I found myself looking forward to the final episode of The Fall last week, if against my will. The Fall – a second series is proposed – is the BBC’s current offering in the thriller serial genre, and stars the amazingly beautiful and talented Gillian Anderson who deigns to offer the occasional enigmatic but entrancing smile. It is better-written, acted and directed than anything on BBC TV at the moment – or indeed for a long time. Unfortunately it is serial-killer porn, of which we see much these days, in which the killed are young, pretty girls, on whose death throes the camera likes to linger, for reasons, I always suspect, of economy. It is cheaper to stay on one agonised face and pooling blood than have the camera wander round. ‘She screams’ is easier to write than actual dialogue.

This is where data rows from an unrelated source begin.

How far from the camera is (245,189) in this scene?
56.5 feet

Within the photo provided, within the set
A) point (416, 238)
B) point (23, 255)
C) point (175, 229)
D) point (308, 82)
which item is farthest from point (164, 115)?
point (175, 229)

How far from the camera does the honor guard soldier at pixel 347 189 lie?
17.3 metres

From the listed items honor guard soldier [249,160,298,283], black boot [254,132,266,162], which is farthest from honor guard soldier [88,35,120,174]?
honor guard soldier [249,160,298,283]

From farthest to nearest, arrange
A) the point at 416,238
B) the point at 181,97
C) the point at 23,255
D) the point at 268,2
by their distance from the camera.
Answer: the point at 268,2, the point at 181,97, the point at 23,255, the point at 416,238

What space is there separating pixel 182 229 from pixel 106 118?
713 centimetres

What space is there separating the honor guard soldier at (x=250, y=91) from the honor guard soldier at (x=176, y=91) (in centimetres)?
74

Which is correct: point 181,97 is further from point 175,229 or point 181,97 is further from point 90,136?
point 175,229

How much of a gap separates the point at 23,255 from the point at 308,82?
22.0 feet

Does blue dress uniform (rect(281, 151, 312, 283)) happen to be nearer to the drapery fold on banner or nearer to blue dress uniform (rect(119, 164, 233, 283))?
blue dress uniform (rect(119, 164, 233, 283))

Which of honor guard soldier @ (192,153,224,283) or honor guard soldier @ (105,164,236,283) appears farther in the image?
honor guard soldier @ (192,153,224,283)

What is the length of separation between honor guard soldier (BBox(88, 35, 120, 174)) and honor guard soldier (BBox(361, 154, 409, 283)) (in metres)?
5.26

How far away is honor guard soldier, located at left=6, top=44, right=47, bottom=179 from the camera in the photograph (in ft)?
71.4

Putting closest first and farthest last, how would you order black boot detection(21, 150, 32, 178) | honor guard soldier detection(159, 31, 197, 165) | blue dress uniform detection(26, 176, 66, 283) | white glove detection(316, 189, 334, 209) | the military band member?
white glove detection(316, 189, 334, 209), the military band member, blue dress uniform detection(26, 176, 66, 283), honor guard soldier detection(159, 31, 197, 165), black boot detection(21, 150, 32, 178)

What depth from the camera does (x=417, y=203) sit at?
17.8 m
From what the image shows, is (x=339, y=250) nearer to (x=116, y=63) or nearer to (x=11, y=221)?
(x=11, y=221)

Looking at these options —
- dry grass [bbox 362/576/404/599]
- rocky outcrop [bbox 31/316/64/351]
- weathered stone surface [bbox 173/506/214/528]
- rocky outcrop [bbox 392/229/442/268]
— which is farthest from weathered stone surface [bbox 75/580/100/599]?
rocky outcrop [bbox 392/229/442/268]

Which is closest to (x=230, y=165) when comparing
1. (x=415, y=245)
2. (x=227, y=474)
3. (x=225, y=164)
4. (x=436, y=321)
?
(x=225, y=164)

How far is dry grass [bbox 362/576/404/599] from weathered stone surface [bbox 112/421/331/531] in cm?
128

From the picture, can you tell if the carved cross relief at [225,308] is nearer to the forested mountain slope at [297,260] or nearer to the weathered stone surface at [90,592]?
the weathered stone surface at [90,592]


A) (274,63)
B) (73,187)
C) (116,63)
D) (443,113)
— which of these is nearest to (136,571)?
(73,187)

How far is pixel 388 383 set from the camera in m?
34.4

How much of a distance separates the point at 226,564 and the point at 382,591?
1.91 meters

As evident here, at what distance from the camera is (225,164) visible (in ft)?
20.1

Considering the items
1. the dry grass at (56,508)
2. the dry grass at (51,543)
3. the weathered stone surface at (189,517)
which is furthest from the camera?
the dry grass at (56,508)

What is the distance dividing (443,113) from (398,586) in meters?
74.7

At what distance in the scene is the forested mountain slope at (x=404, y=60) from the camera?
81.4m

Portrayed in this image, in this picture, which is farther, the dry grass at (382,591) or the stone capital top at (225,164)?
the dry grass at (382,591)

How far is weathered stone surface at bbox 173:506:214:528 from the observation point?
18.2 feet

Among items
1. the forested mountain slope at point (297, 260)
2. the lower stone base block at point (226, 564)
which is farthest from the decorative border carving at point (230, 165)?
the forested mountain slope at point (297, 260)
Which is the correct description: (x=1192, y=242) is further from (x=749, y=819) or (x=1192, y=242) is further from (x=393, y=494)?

The Fall is unusual in that the hero is the killer, a good-looking, nice and sensitive young man who loves his wife and children and is a grief counsellor – and a rather good one – whose only fault is that he has a penchant for stalking and strangling well-educated, talented young girls with bubbly personalities, and then delicately painting their dead nails without smudging. One wants him to escape, not be ‘brought to justice’. I describe it as porn because when I am watching alone on my computer (as so many do these days) and I hear anyone come up the stairs I switch to my e-mail and look innocent. I don’t want anyone to know I watch, but still I do.
The portrayal of sexual violence against women turns viewers on, both men and women. It’s a sorry truth and I suppose the BBC, such is its pursuit of ratings and our licence fee, can only follow where public taste leads. Anything more would be elitist. Ripper Street concerned itself with the gruesome deaths of Victorian prostitutes, Arne Dahl (last week’s episode brought Ripper up to date with six young women graphically done to death and another two tacitly excused the murders they’ve committed because their victims were rapists. This week’s episode of the new Wallander has as its come-on line: “A foreign teenage girl burns herself to death before Wallander’s eyes”.
I don’t blame ‘the talent’ for the drift – Gub Neal who produces The Fall is a fine producer, writer Allan Cubitt is intelligent, sensitive and pro-women – I admired the way D.I. Gillian Anderson, like Catherine the Great, cast eyes on a delectable young police officer in the morning and summoned him to her hotel for the night – but violent death is a cheap short cut for a good writer – ‘first kill then solve’ gets you the job but wins you no laurels. Verbruggen’s direction is really classy if a bit dimly-lit, the acting’s great, and being a BBC Northern Ireland production it seemed to be happening in another country, where men are allowed to be chauvinist, badly-suited bad-tempered and express savage emotions. So it’s good viewing
No, rather I blame management: despite its doctrine of “compliance” – incorporate LGB’s (Lesbians, Gays, Bisexuals), Northern (post Salford) and/or Ethnic in your cast or you don’t have a hope of your play getting on – talent is left gasping for anything that reflects the real state of the human condition. The killing of pretty young women is not (yet) part of our real life, only of TV life. Add the broadcaster’s craven desire to satisfy the lowest common denominator of viewer’s taste and rely on the focus group not their own judgement to tell them what that is, and we’re off to Helena Handcart. Oh, wow!, cries the focus group, another thriller series, yes please, more raped and murdered girls! How we love The Fall, can we have another? Forget the anxiety of young women – they don’t watch TV anyway, too busy on Facebook – we older men and women are happy enough to watch the girls perish, sacrificial victims to male womb-envy and/or female jealousy.
For lack of practice in anything but screaming, shouting and emoting, writers, actors and directors beginning to lose more general skills. I wonder how many BBC suits – so busy having dinners and giving prizes to one another – watch their own programmes. Very few, I imagine: they see their audience as another breed, and certainly a lesser one.